Dan Newhouse and Clint Didier, both Republicans thanks to our state’s “Top 2” primary system, are battling to fill the seat about to be vacated by veteran politician Rep. Doc Hastings.
Besides sharing a political party, the candidates have little in common other than both are farmers and both have name recognition.
Newhouse, a Sunnyside farmer, served in the state House of Representatives for the 15th District and as state director of agriculture under former Gov. Chris Gregoire. Didier, a Franklin County farmer, is a former professional football player, as well as a perennial political candidate.
Didier’s views are on the extreme right of the Republican scale, with endorsements from folks like Sarah Palin and Ron Paul. Newhouse is a conservative but more reasoned. He has the support of Doc Hastings and the NRA, among many others.
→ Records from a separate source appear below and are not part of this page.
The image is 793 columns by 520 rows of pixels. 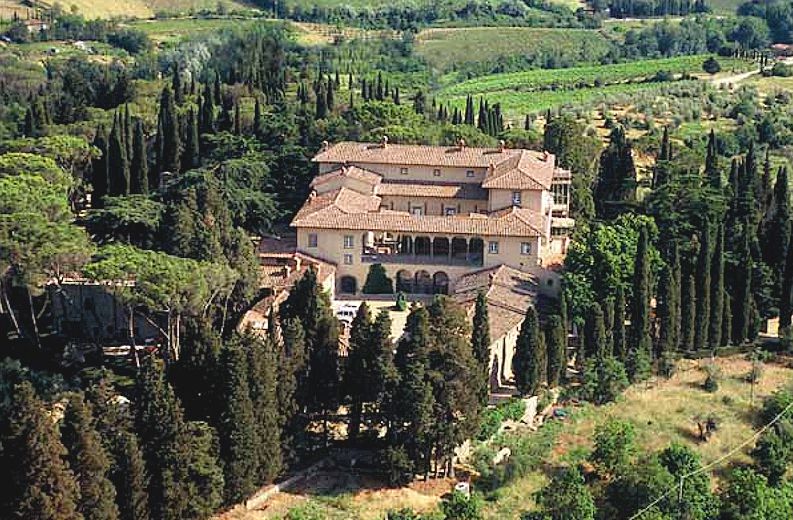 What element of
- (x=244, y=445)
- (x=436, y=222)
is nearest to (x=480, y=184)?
(x=436, y=222)

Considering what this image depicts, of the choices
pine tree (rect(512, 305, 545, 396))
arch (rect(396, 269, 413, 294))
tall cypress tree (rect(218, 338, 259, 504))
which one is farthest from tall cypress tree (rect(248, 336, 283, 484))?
arch (rect(396, 269, 413, 294))

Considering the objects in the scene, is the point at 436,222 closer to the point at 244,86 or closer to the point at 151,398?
the point at 151,398

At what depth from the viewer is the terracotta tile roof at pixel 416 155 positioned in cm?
6106

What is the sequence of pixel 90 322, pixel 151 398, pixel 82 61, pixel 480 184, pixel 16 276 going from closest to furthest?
1. pixel 151 398
2. pixel 16 276
3. pixel 90 322
4. pixel 480 184
5. pixel 82 61

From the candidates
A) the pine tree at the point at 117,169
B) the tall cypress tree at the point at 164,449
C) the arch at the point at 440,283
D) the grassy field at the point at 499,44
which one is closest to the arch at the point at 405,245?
the arch at the point at 440,283

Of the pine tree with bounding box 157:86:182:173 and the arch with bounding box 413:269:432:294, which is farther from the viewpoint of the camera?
the pine tree with bounding box 157:86:182:173

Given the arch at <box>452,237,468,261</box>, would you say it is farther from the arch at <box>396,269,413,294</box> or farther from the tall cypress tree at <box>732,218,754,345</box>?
the tall cypress tree at <box>732,218,754,345</box>

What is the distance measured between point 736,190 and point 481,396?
88.3 ft

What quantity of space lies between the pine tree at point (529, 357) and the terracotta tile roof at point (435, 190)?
16.6 m

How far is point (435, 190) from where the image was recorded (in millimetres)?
60312

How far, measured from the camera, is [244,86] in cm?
8788

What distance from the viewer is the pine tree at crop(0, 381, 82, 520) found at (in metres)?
31.2

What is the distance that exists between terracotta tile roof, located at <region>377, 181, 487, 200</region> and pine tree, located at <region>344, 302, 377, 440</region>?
2010 centimetres

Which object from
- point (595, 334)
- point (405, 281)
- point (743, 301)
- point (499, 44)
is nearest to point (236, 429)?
point (595, 334) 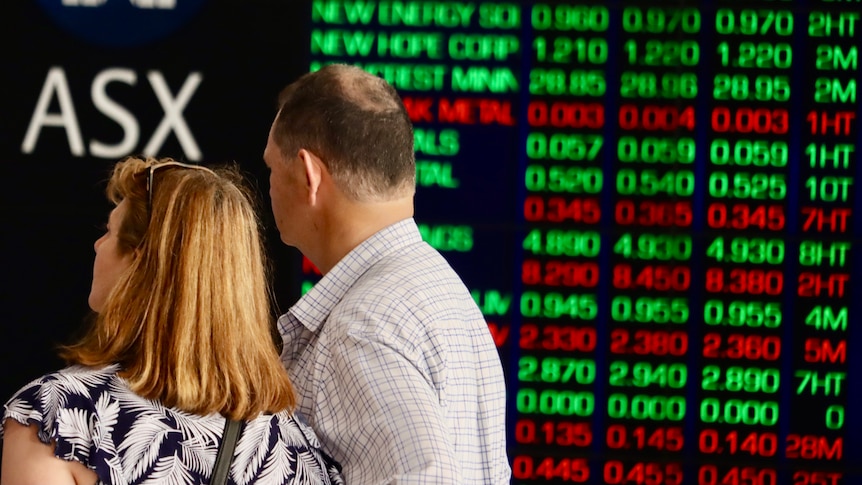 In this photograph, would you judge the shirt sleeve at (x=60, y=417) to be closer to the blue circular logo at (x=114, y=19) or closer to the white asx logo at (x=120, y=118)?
the white asx logo at (x=120, y=118)

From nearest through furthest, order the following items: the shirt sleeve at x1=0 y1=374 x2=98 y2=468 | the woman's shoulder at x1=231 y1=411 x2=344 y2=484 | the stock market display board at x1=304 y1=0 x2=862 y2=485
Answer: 1. the shirt sleeve at x1=0 y1=374 x2=98 y2=468
2. the woman's shoulder at x1=231 y1=411 x2=344 y2=484
3. the stock market display board at x1=304 y1=0 x2=862 y2=485

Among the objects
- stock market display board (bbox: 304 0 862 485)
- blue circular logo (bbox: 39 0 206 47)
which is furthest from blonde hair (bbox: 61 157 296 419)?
blue circular logo (bbox: 39 0 206 47)

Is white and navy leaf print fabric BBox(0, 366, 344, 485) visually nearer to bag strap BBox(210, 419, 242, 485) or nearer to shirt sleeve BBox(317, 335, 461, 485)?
bag strap BBox(210, 419, 242, 485)

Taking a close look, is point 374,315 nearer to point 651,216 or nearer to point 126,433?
point 126,433

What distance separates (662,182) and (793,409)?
0.69 m

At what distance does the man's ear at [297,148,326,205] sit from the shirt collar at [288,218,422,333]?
10 centimetres

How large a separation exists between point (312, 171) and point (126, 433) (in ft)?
1.66

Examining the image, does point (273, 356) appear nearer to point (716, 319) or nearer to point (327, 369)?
point (327, 369)

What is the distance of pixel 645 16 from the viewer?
2875mm

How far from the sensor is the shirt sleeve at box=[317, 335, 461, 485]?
4.25 feet

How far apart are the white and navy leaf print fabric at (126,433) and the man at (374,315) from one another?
0.13 meters

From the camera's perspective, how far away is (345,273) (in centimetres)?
155

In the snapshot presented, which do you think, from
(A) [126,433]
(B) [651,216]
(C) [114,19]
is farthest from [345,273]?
(C) [114,19]

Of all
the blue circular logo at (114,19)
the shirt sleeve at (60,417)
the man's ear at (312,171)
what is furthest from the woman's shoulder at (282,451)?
the blue circular logo at (114,19) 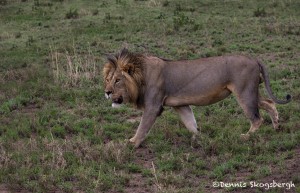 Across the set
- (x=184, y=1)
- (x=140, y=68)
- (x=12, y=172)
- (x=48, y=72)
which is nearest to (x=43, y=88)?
(x=48, y=72)

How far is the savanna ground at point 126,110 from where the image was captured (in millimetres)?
7594

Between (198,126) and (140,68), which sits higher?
(140,68)

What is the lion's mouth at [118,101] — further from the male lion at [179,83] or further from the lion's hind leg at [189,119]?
the lion's hind leg at [189,119]

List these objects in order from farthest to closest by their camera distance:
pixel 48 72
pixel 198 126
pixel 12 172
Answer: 1. pixel 48 72
2. pixel 198 126
3. pixel 12 172

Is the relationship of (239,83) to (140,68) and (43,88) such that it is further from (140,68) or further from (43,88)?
(43,88)

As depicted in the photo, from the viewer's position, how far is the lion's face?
8883 millimetres

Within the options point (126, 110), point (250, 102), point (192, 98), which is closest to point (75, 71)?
point (126, 110)

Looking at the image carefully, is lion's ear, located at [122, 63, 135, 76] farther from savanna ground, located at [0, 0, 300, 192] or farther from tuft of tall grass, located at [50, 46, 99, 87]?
tuft of tall grass, located at [50, 46, 99, 87]

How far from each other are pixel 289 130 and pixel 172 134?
167 centimetres

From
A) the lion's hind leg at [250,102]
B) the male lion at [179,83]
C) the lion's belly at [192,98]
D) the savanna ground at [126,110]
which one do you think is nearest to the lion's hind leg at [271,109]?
the savanna ground at [126,110]

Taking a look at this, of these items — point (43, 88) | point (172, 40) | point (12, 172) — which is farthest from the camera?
point (172, 40)

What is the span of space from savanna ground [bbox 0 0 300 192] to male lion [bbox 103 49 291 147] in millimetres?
446

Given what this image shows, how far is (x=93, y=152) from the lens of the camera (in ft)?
27.1

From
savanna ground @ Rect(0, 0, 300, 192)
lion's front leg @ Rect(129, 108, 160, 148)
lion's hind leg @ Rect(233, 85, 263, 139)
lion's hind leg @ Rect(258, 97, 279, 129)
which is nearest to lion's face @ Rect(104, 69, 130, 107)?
lion's front leg @ Rect(129, 108, 160, 148) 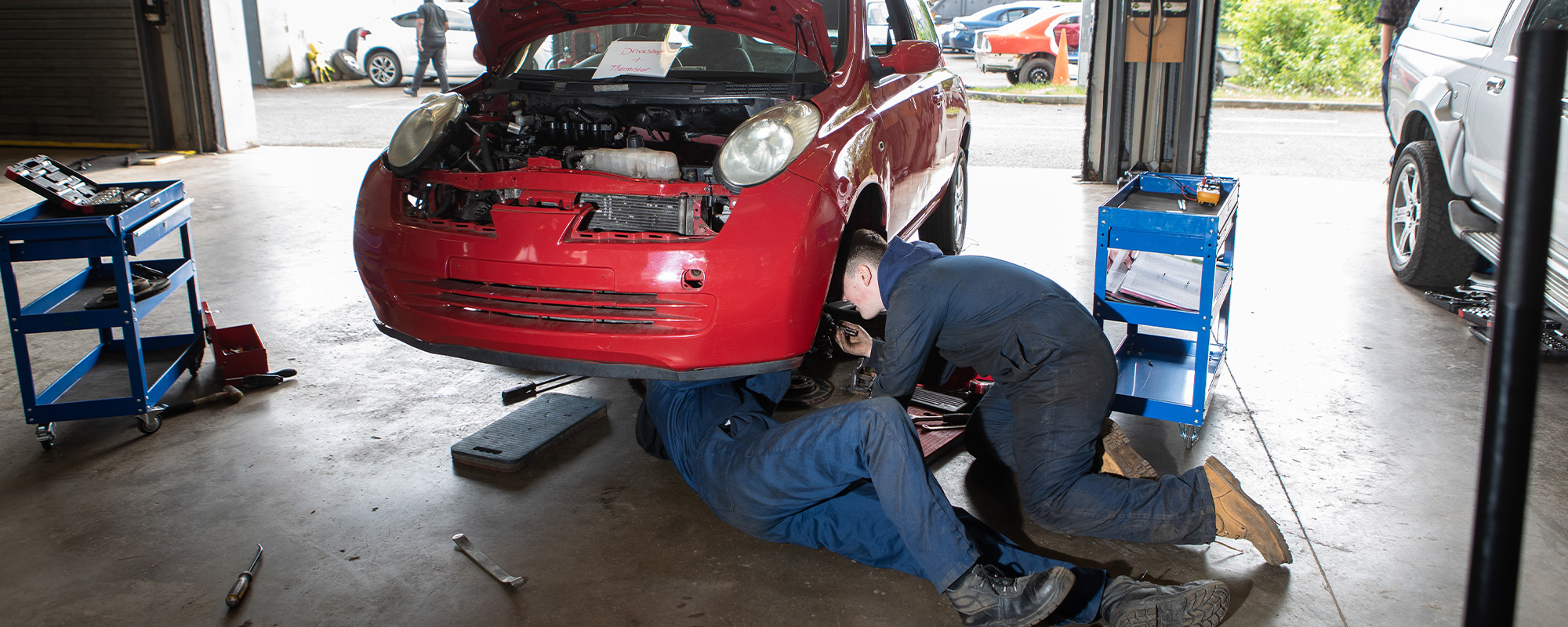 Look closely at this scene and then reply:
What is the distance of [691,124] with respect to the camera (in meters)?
3.52

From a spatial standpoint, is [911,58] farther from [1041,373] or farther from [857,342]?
[1041,373]

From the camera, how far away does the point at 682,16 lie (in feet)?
11.0

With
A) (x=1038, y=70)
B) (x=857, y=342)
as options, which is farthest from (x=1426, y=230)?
(x=1038, y=70)

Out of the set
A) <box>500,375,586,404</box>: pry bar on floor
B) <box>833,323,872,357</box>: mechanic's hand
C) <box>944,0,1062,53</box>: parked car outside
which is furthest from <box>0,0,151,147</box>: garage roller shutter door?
<box>944,0,1062,53</box>: parked car outside

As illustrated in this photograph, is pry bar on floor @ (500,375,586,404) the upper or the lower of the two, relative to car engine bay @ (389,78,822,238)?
lower

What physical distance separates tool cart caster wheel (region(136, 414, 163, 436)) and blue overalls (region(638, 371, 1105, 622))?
5.90ft

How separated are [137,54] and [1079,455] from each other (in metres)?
9.71

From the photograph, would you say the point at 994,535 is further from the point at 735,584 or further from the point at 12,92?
the point at 12,92

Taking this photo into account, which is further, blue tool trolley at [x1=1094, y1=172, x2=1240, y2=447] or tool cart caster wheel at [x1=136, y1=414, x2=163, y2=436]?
tool cart caster wheel at [x1=136, y1=414, x2=163, y2=436]

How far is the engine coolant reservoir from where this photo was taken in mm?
2977

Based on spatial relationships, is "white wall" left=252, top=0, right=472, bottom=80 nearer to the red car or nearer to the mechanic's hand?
the red car

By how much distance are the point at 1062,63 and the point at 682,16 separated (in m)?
11.6

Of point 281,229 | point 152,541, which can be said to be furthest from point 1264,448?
point 281,229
Didier clearly has strong support in our community, his home turf. And because he has campaigned so many times and is a local celebrity from his football days, his name carries weight. Didier was the top vote-getter in the crowd of a dozen candidates in the primary election.
But what he doesn’t have is experience. Or a real grasp of the issues facing the district. While the clean-up at Hanford is a challenging topic for anyone to fully understand, Didier has struggled to address it at all. He has not shown well at recent debates, and his answers often sound more like coached rhetoric than potential solutions to issues.
Didier recently suggested abolishing the federal Department of Education and said that they federal government should stay out of Hanford contractors business. He clearly despises federal oversight, and would get attention for all the wrong reasons in the other Washington.
Newhouse clearly is the better candidate to represent us in Washington, D.C. He has a depth of experience and a passion for agriculture that will serve us well. He is a good speaker and has shown his ability to work across party lines as a Republican working under a Democratic governor’s administration.
While he may not be as conservative as Didier, Newhouse is very much a conservative. His viewpoints are in line with the majority of the district’s residents, with immigration reform, protection of property rights and fiscal responsibility among his priorities.
We know there are many pro-Didier voters in our community, but please remember he is a political novice who has yet to win office despite campaigns for U.S. Senate and state Commissioner of Public Lands. His views are extreme and his experience relevant to the job at hand is minimal at best.